[[ Input for this task open ]]

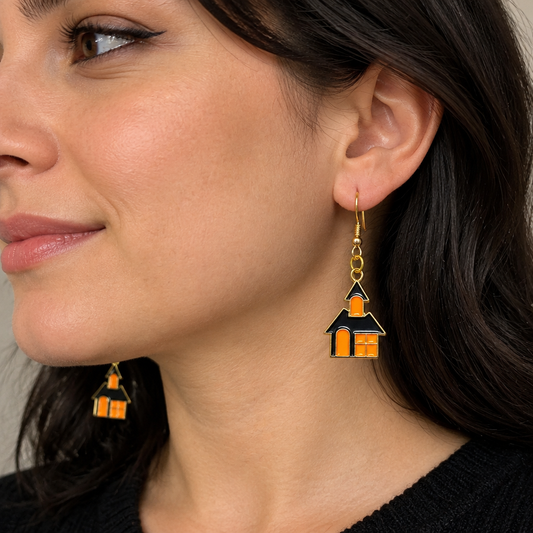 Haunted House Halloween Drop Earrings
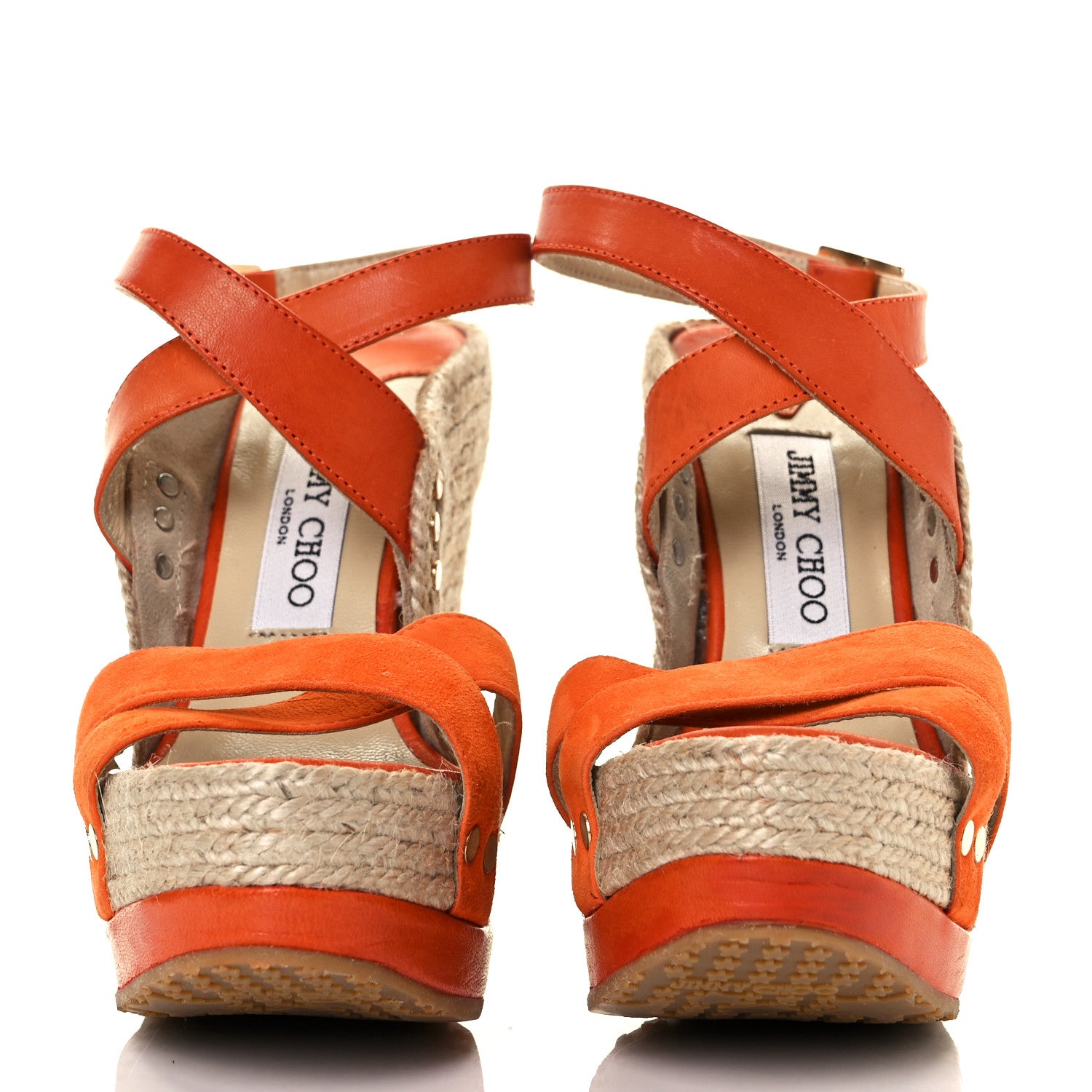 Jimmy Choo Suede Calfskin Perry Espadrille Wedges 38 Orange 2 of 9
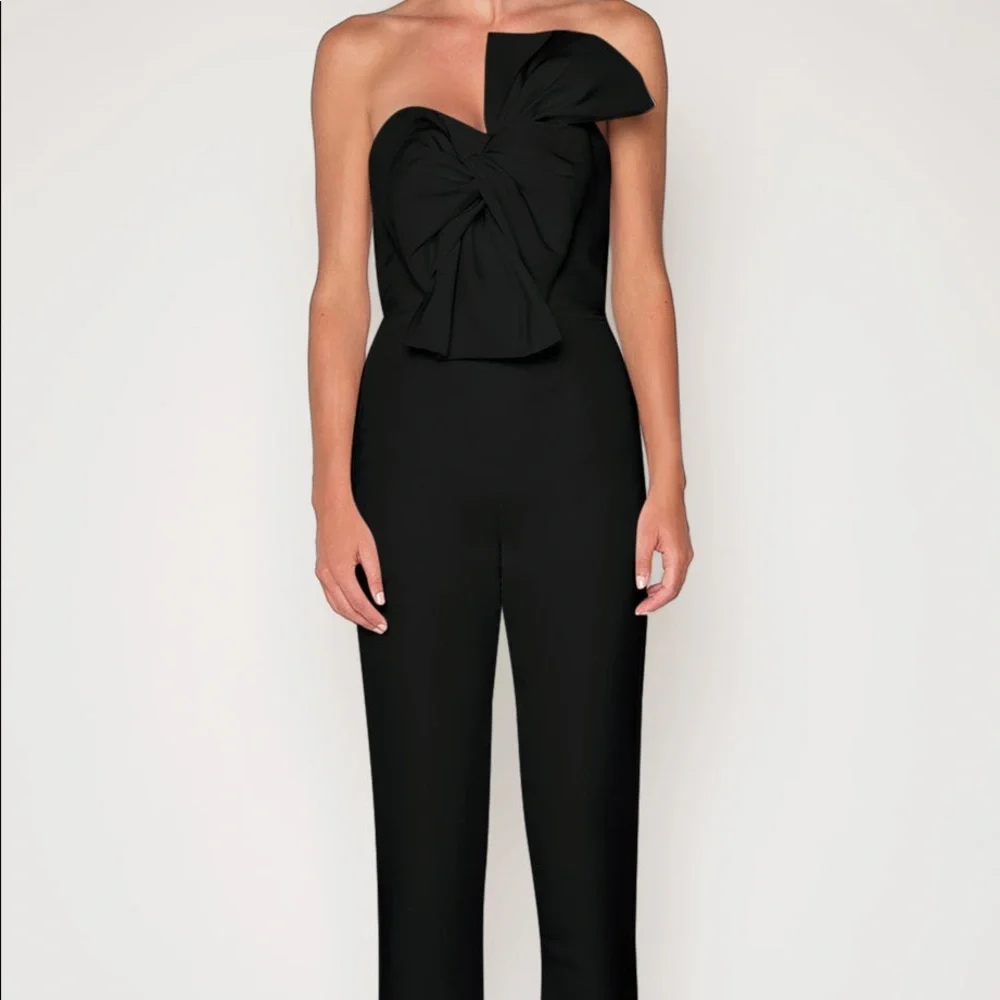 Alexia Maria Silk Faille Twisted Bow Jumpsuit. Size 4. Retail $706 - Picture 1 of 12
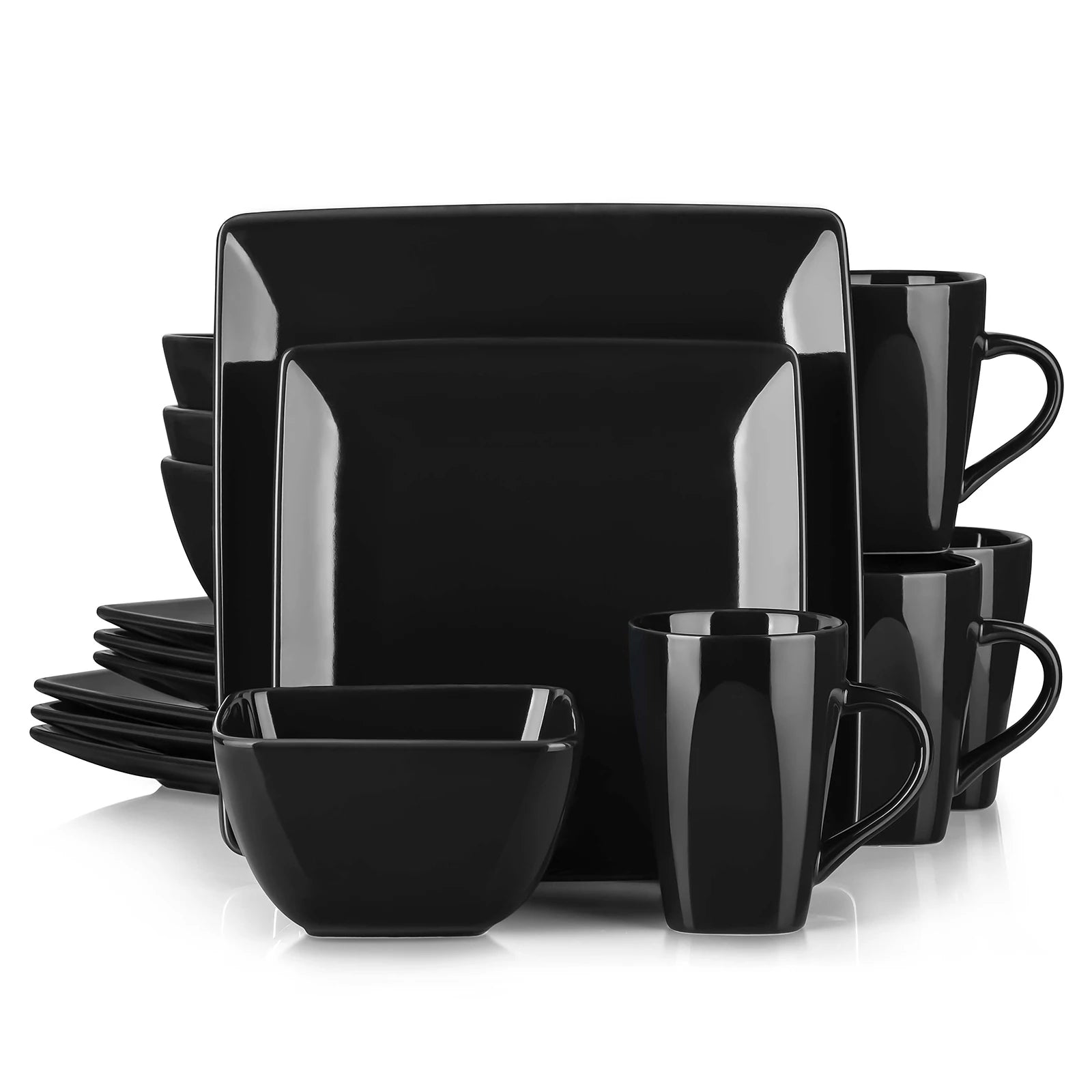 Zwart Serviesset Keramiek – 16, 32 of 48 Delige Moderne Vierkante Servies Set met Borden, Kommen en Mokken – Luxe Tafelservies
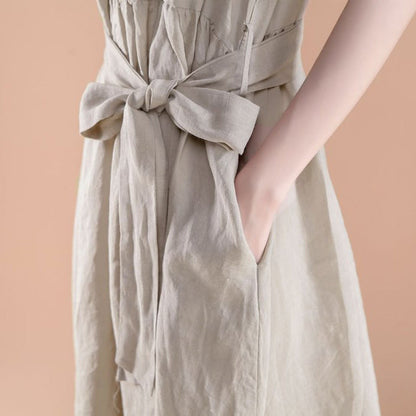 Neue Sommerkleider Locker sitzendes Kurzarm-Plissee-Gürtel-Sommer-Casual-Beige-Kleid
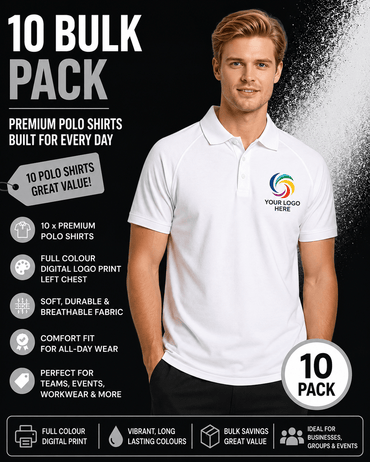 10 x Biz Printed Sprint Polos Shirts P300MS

[[ Input for this task closed ]]

_What you have to do_: Could you retype every record exactly, leaving the pictures out?

_Problem solution_:
 Haunted House Halloween Drop Earrings
 Jimmy Choo Suede Calfskin Perry Espadrille Wedges 38 Orange 2 of 9
 Alexia Maria Silk Faille Twisted Bow Jumpsuit. Size 4. Retail $706 - Picture 1 of 12
 Zwart Serviesset Keramiek – 16, 32 of 48 Delige Moderne Vierkante Servies Set met Borden, Kommen en Mokken – Luxe Tafelservies
 Neue Sommerkleider Locker sitzendes Kurzarm-Plissee-Gürtel-Sommer-Casual-Beige-Kleid
 10 x Biz Printed Sprint Polos Shirts P300MS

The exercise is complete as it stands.